The soliton microcombs used for RF filtering are generated from a 103.9 GHz ultra-low loss integrated silicon nitride (Si₃N₄) microresonator (Q ~ 1 × 10⁷), fabricated by the photonic Damascene reflow process⁴⁰. By employing the frequency-comb-assisted diode laser spectroscopy, the detailed properties of resonances and the integrated group velocity dispersion of the microresonator are measured (see Supplementary Note 2). Strong avoided mode crossings (AMXs) are observed ~1565 nm, which lead to the modulation of intracavity CW background, thereby resulting in the ordering of the DKS pulses⁴¹ and the formation of soliton crystals^36,38,39. Figure 1b shows the simulated stability diagram (see “Methods”), which consists of modulation instability (MI), breathers, chaos (spatio-temporal chaos and transient chaos), and stable DKS states. In addition, it has been revealed that the pump power level is critical for whether the PSCs or stochastic DKS states are formed³⁶ (see Supplementary Note 3). In our case, the threshold pump power P_th is found to be ~20 mW in the bus waveguide. When the laser scanning route is operated below threshold pump power, PSC states can be accessed without crossing the chaos region.
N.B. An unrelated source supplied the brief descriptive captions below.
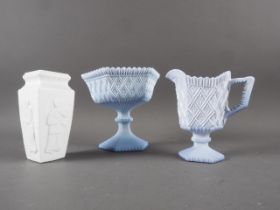 A Sowerby glass vase with Chinese style figure decoration, 4 1/2" high, a Sowerby glass jug, and a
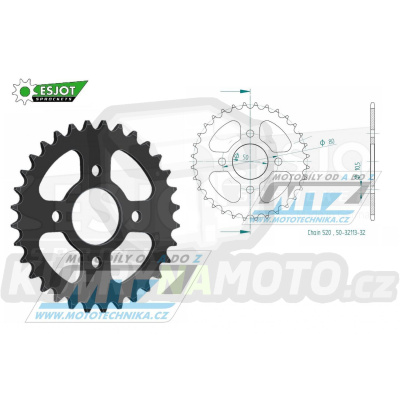 Rozeta ocelová (převodník) 32113-32zubů ESJOT 50-32113-32 - Eton CXL150 Challenger / 03-13 + EXL150 Yukon Straße+YXL150 Yukon / 04-13 + VXL250 Vector / 06 + Sym Quad Lander 200 / 05-10 + Quadlander 250 / 04-14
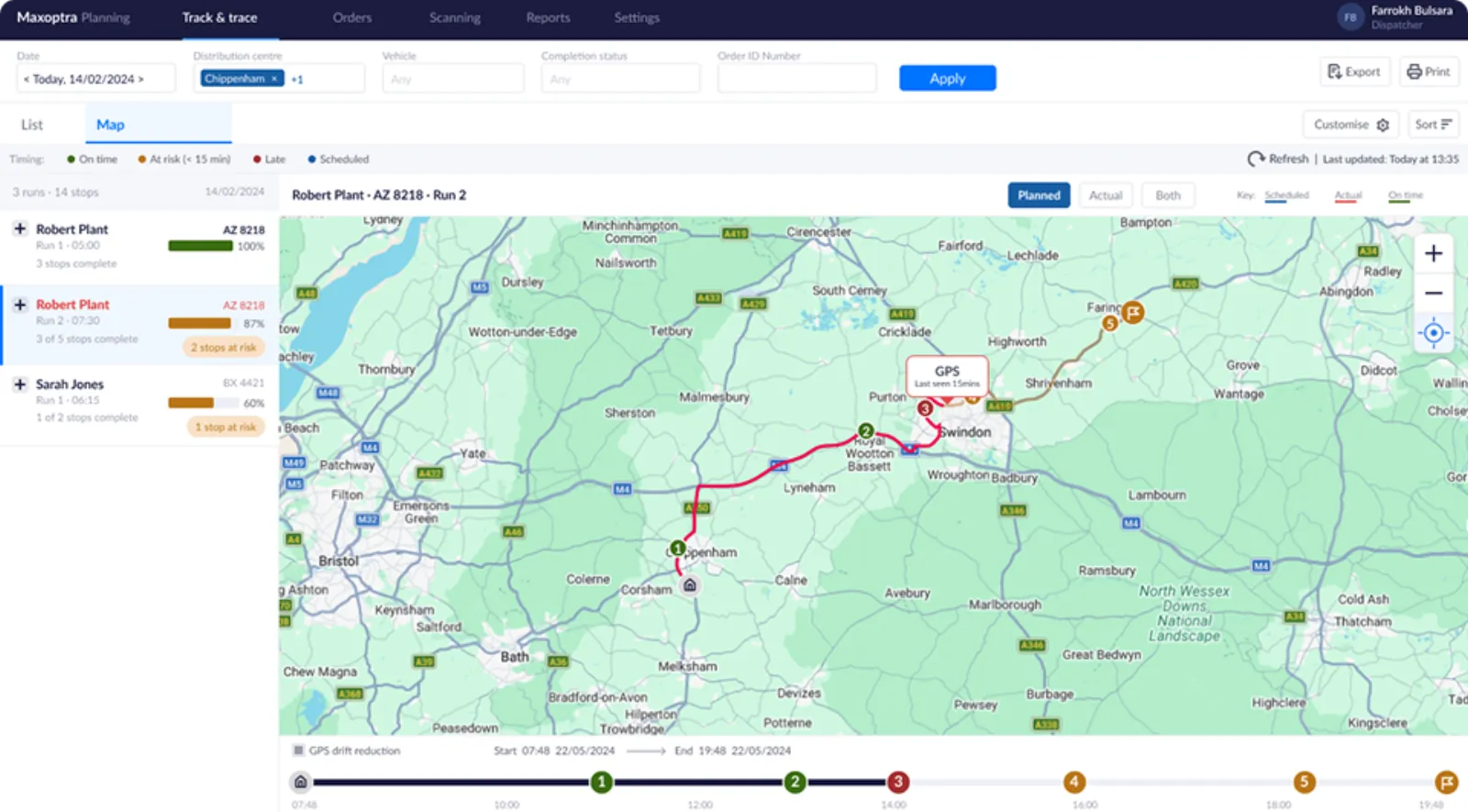 Stale data warning state, GPS signal lost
Contrarily, DKS states with stochastic soliton number are accessed above the threshold power. Experimentally, the single-soliton and TSM states are obtained by either directing falling to the states or backward tuning from the states with higher soliton number⁴². Note that switching from PSC to single soliton or TSM is prohibited unless the pump power is increased to be over the threshold³⁶. Thus, through controlling the pump power and resonance frequency, various soliton microcombs (single soliton, PSC, and TSM) can be obtained on demand to produce the desired RF filter responses. For example, Fig. 1c shows three distinct optical spectra obtained from the resonance of 1555.1 nm: single soliton, PSC (N = 4), and TSM (α = 132.7°, see “Methods”), respectively. It is also worthwhile to mention that although this type of RF filter does not require coherent comb states, the high-intensity noise of MI combs is certainly undesirable¹⁵. As the intensity noise will be transferred to the synthesized RF filters, mode-locked comb states are preferred to minimize the noise at the RF output.
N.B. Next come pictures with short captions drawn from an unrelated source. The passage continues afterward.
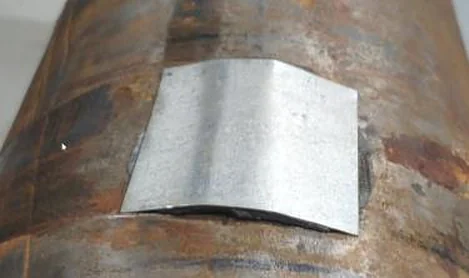 FIXOKiT plate patch fitted on a pipe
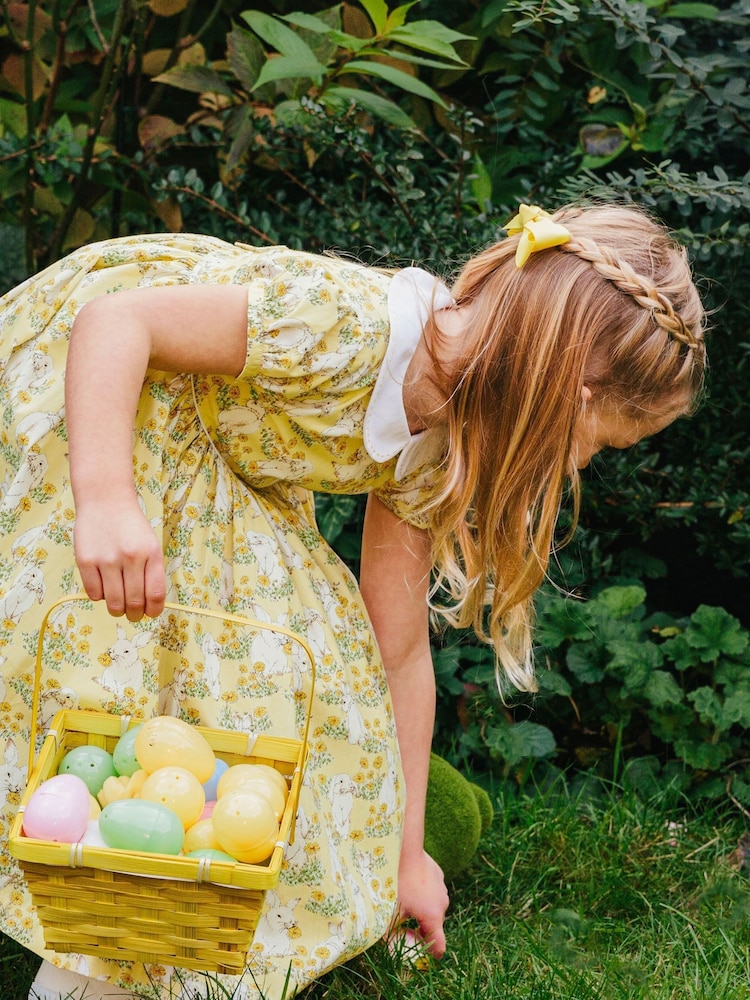 Trotters London Yellow Cotton Bunny Dress - Image 2 of 5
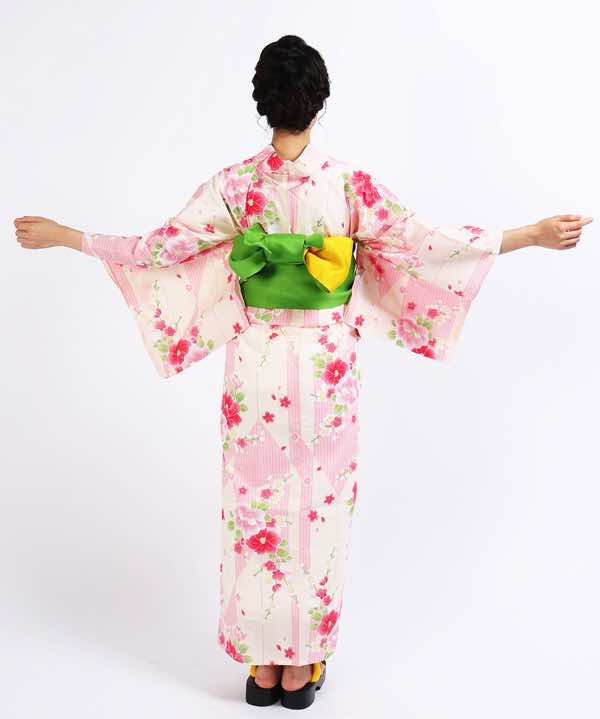 浴衣レンタル | 薄ピンク地に矢絣 梅と椿模様 二色地の帯 | hataori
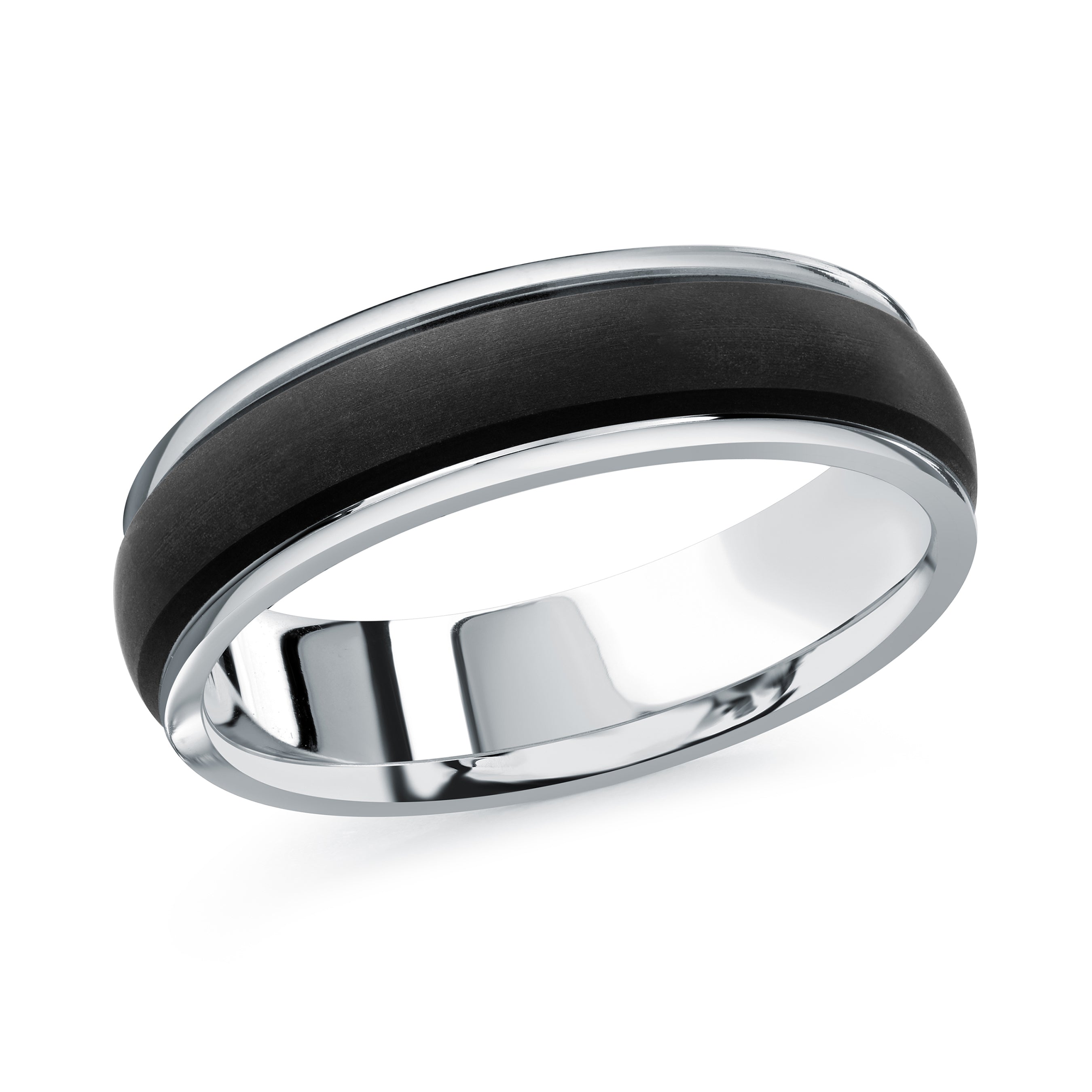 6mm 18K White Gold Domed Dark-Center Wedding Band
Fig. 1: Schematic diagram of reconfigurable soliton-based radiofrequency photonic filters and their underlying microcomb generation.

a The conceptual setup consists of four parts: microcomb generation, radiofrequency (RF) signal upconversion, dispersive propagation, and photodetection. ECDL external cavity diode laser, MZM Mach–Zehnder modulator, SMF single-mode fiber, PD photodiode, VNA vector network analyzer. Various RF filters are synthesized based on versatile soliton microcombs: (1) single-soliton-based RF filter with a passband centered at f_FSR (blue); (2) N − PSC- (perfect soliton crystals of N equally spaced solitons within one round-trip) based RF filters with a passband centered at f_FSR/N (green, N = 4 is shown); (3) two-soliton microcomb (TSM)-based RF filters with a passband centered at f_FSRα/360° (orange), where α is the relative azimuthal angle between two solitons (α = 90° is shown). b Simulated stability diagram of the Lugiato–Lefever equation (LLE) involving the experimental avoided mode crossing (AMX) condition. Four different stability regions are listed: modulation instability (MI, blue), breathers (red), spatio-temporal and transient chaos (chaos, yellow), and stable dissipative Kerr soliton (DKS, green). PSC and TSM/single-soliton spectra are obtained by distinct approaches. PSC states are accessed under the threshold power to avoid the chaos region. Single-soliton or TSM states are accessed above the threshold power, by either directly falling to the states or backward tuning from a higher number of solitons. c Examples of experimentally generated spectra at resonance of 1555.1 nm: (1) single-soliton, (2) PSC (N = 4), and (3) TSM (α = 132.7°) with envelope fitting. The pump power is also shown for each microcomb generation.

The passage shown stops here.